[Start of section]
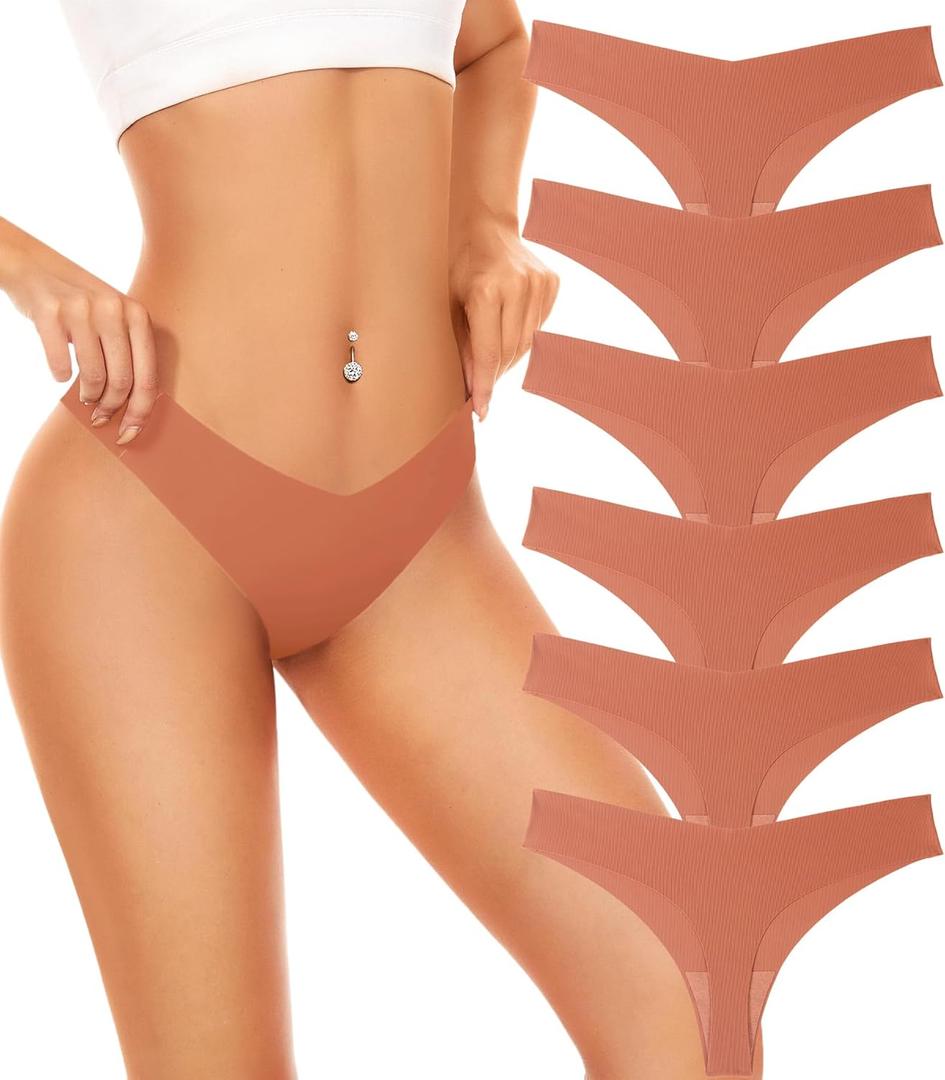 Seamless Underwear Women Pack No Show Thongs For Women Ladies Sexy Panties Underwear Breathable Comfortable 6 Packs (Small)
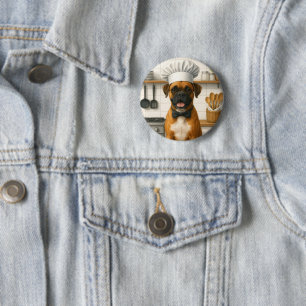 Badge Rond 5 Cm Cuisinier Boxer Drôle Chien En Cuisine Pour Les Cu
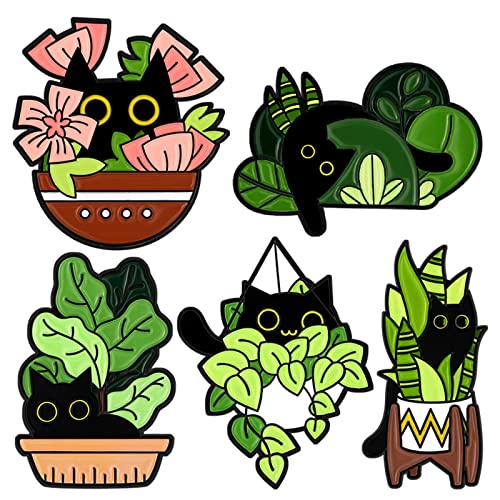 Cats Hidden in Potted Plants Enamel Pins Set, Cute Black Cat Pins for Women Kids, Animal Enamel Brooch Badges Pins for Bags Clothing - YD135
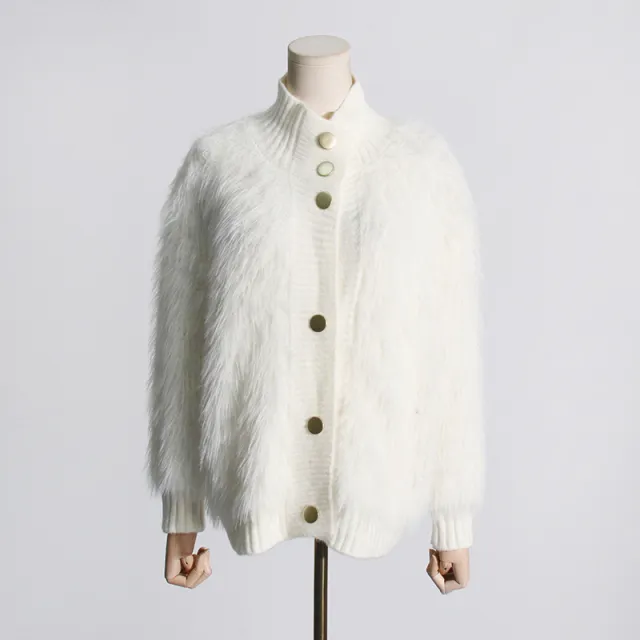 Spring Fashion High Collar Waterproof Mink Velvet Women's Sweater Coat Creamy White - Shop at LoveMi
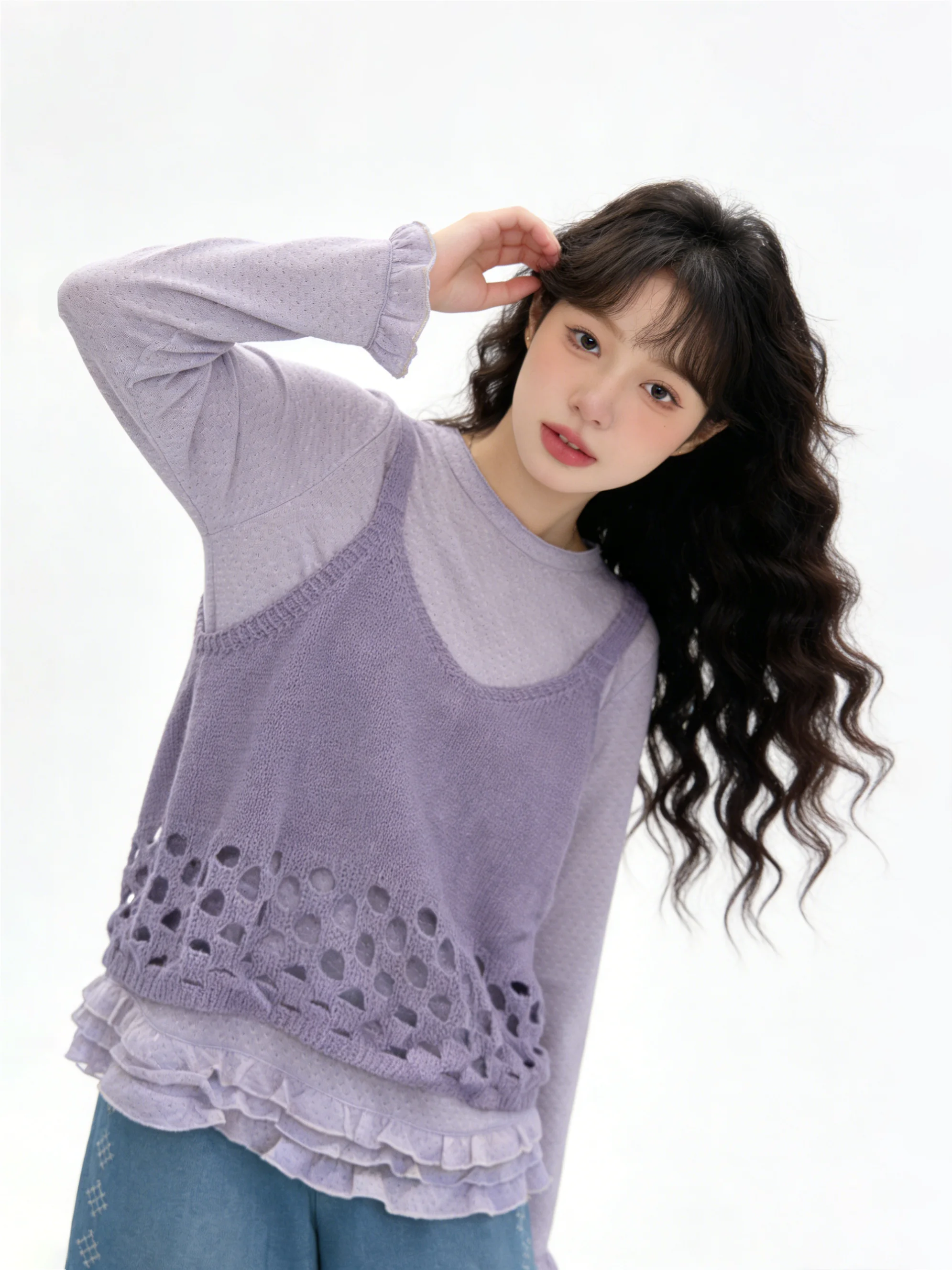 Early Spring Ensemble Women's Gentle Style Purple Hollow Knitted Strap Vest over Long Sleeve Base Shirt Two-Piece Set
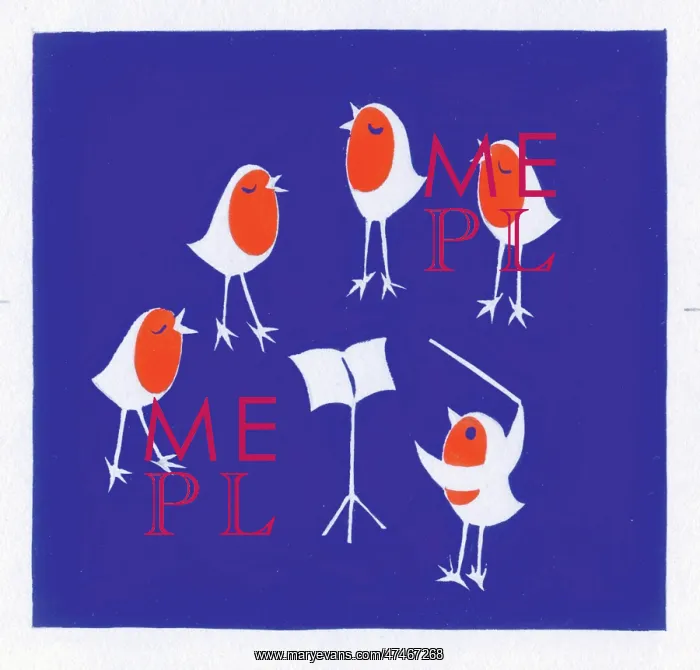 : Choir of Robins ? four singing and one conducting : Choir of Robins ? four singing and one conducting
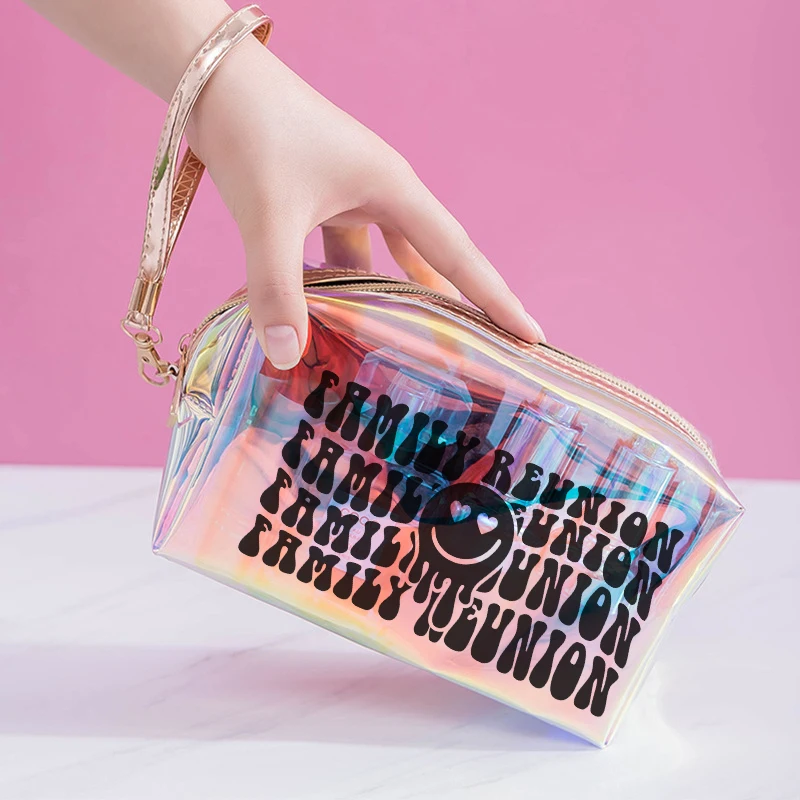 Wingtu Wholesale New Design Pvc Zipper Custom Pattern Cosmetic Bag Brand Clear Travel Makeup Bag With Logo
[End of section]
* [WHAT THIS TASK INVOLVES]: Print exactly, with no pictures, the lines above from the one that holds "Badge Rond 5" through the one that holds "Spring Fashion High", both of them included.

* [ANSWER TO THIS PROBLEM]:
 Badge Rond 5 Cm Cuisinier Boxer Drôle Chien En Cuisine Pour Les Cu
 Cats Hidden in Potted Plants Enamel Pins Set, Cute Black Cat Pins for Women Kids, Animal Enamel Brooch Badges Pins for Bags Clothing - YD135
 Spring Fashion High Collar Waterproof Mink Velvet Women's Sweater Coat Creamy White - Shop at LoveMi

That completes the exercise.